4. The antenna of claim 3 wherein said second arm includes a further pair of substantially triangular pieces of foam wrapped by a further aluminum shell, said second transmission line is positioned between said foam pieces, and said further aluminum shell contacts said exterior shield of said second transmission line.

5. The antenna of claim 1 and further comprising a plurality of ferrite cores, wherein said first and second transmission lines each pass through at least one of said ferrite cores.

6. The antenna of claim 1 and further comprising an RC network wherein said first and second center conductors connect at said apex through said RC network to improve return loss at low frequencies.

7. The antenna of claim 1 and further comprising a first RC network inserted into said exterior shield of said first transmission line, and a second RC network inserted into said exterior shield of said second transmission line to impedance match an input impedance so as to avoid a DC short.

8. The antenna of claim 1 and further comprising a first RC network between said reflective dish and said first feed arm and a second RC network between said reflective dish and said second feed arm to terminate high frequency residual waves and achieve a desired return loss of said antenna.

9. The antenna of claim 1 and further comprising:

a third feed arm, coupled to said dish at a third location along said peripheral edge between said first and second locations for electrically conducting a third signal to propagate a second wave energy orthogonal to said first wave energy;

a fourth feed arm, coupled to said dish at a fourth location along said peripheral edge opposite said third location, for electrically conducting a fourth signal, inverted relative to said third signal, to propagate said second wave energy;

a third transmission line for conveying said third signal, said third transmission line being at least partially embedded in said third feed arm and including a center conductor and an exterior shield bonded to said third feed arm;

a fourth transmission line for conveying said fourth signal, said fourth transmission line being at least partially embedded in said fourth feed arm and including a center conductor and an exterior shield bonded to said fourth feed arm; and

a second input transmission line for conveying a second input signal, said second input transmission line being connected to said third and fourth transmission lines;

wherein said third and fourth feed arms converge at a point to form an apex where said center conductors of said embedded third and fourth transmission lines are connected to propagate, with said first and second arms, said electromagnetic wave energy, having dual-polarization, into said reflective dish.

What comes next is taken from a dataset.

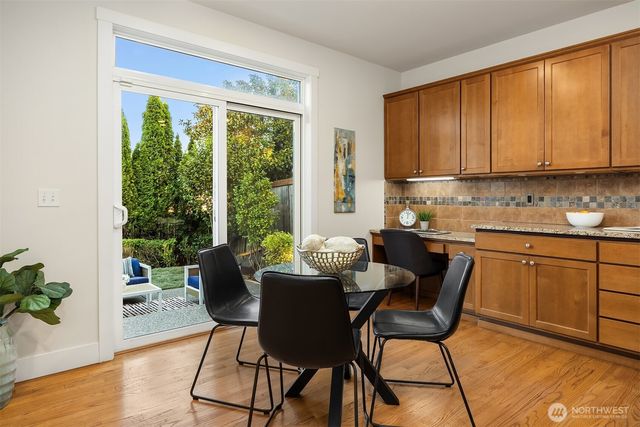 1226 269th Court SE, Sammamish, WA 98075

10. The antenna of claim 1 and further comprising:

a third arm for propagating a second wave energy orthogonal to said first wave energy, said third feed arm coupled to said dish at a third location along said peripheral edge between said first and second locations, said third feed arm receiving said second signal through a lead coupled to said second feed arm;

a fourth arm for propagating said second wave energy, said fourth arm coupled to said dish at a fourth location along said peripheral edge opposite said third location, said fourth arm receiving said first signal through a lead coupled to said first feed arm;

wherein said third and fourth feed arms propagate said second wave energy down said third and fourth feed arms into said reflective dish.

11. The antenna of claim 1 wherein said reflective dish is formed of a plurality of quadrants separated by a gap.

12. The antenna of claim 1 wherein said reflective dish is formed of two half dishes separated by a gap.

13. The antenna of claim 11 wherein adjacent quadrants are connected through networks.

14. The antenna of claim 11 further comprising a first pair of RC networks between said first feed arm and each quadrant and a second pair of RC networks between said second feed arm and each quadrant.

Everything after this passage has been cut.